***** DATA SHOWN *****

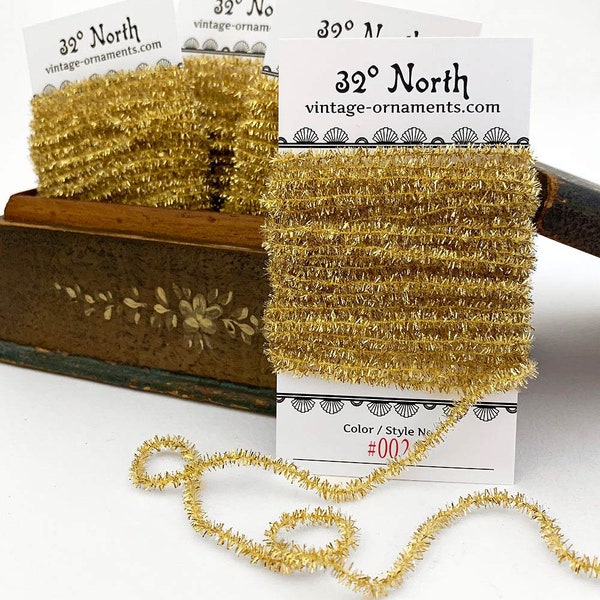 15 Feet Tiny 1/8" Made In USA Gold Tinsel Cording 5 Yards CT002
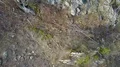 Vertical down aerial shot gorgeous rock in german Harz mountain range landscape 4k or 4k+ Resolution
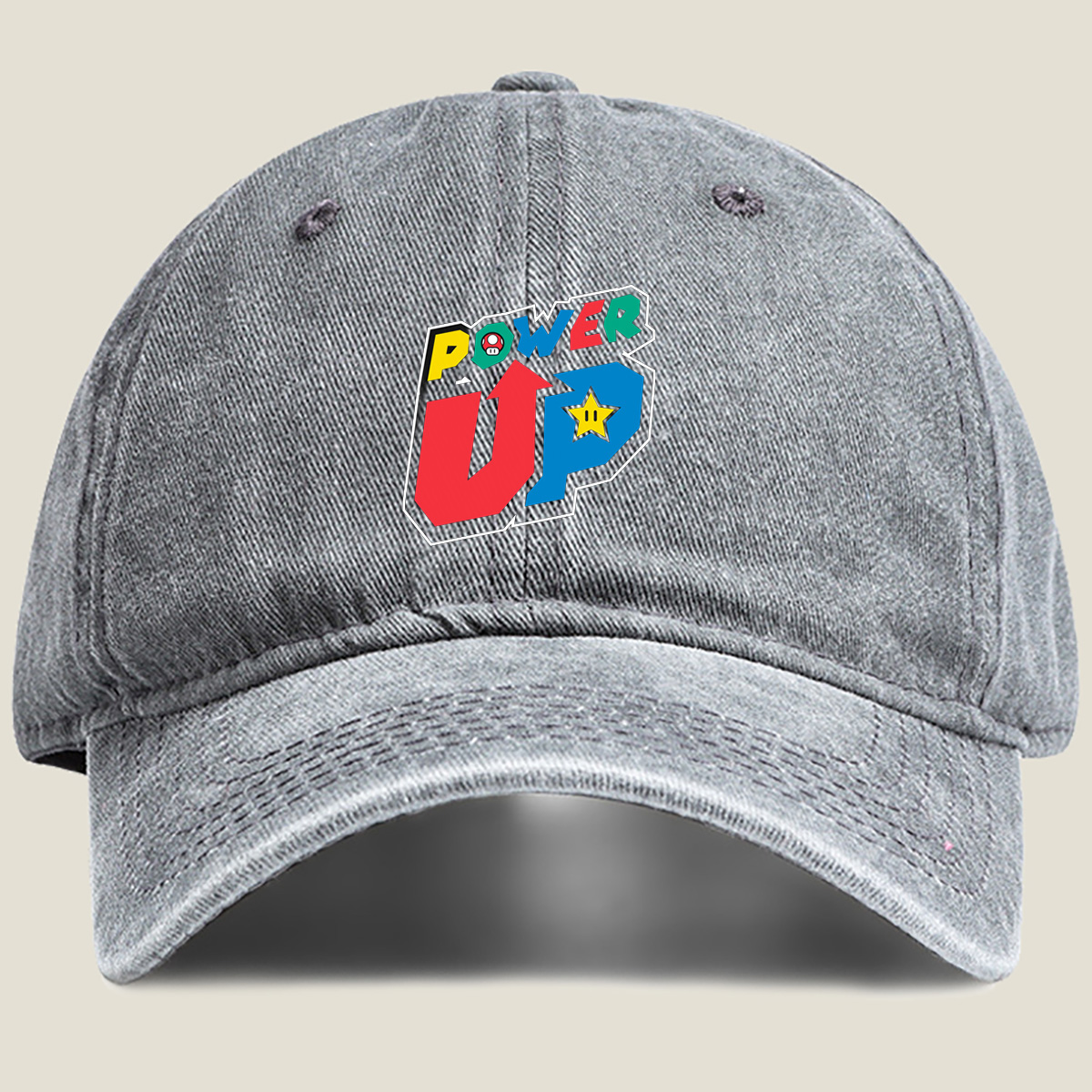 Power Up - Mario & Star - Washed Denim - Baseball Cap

*****
***** DATA SHOWN *****

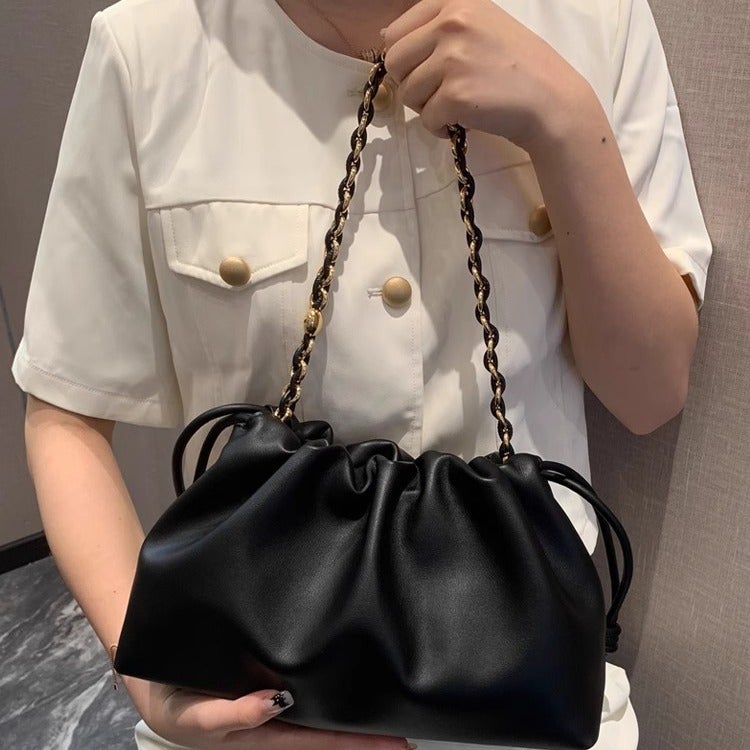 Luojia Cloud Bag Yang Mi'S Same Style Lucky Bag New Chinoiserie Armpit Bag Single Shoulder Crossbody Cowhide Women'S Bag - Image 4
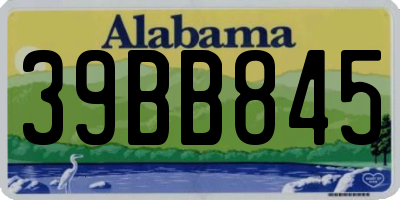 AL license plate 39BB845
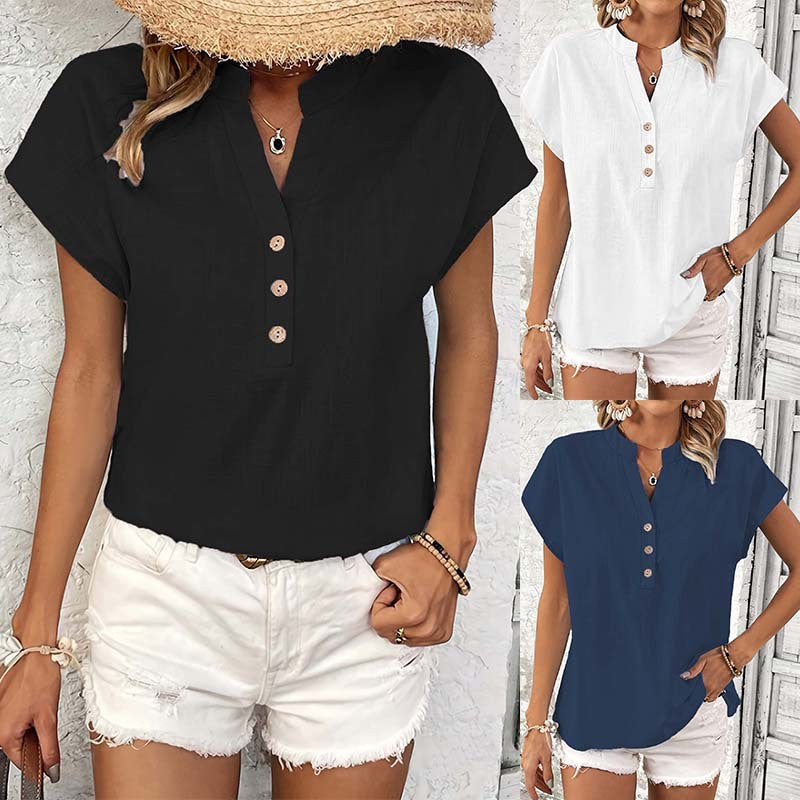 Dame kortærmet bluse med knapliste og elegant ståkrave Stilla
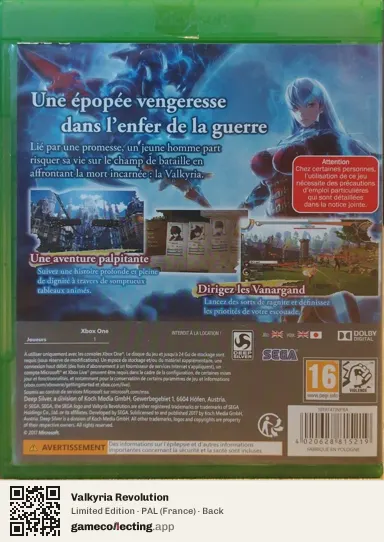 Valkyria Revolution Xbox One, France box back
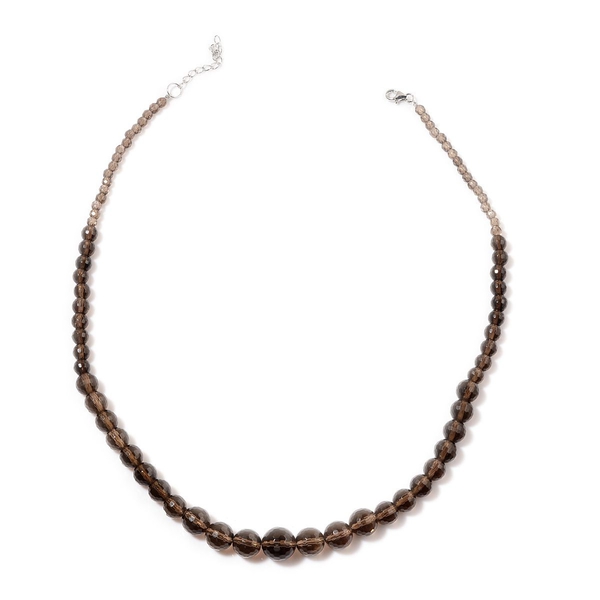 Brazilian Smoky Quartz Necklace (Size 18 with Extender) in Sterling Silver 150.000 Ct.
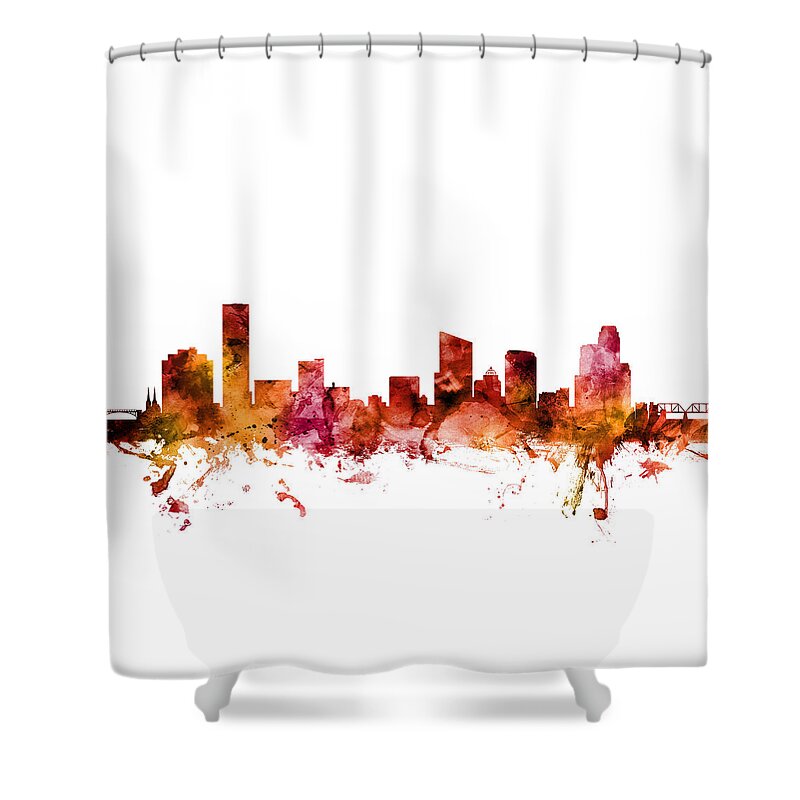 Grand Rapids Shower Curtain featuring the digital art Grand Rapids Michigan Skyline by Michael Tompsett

*****

- **AIM OF THE EXERCISE**: Exact copy, no pictures. Write out the lines in the entries above, starting with the line with "Brazilian Smoky Quartz" and going on through the line with "Grand Rapids Shower", keeping both.

- **RESPONSE BELOW**:
 Brazilian Smoky Quartz Necklace (Size 18 with Extender) in Sterling Silver 150.000 Ct.
 Grand Rapids Shower Curtain featuring the digital art Grand Rapids Michigan Skyline by Michael Tompsett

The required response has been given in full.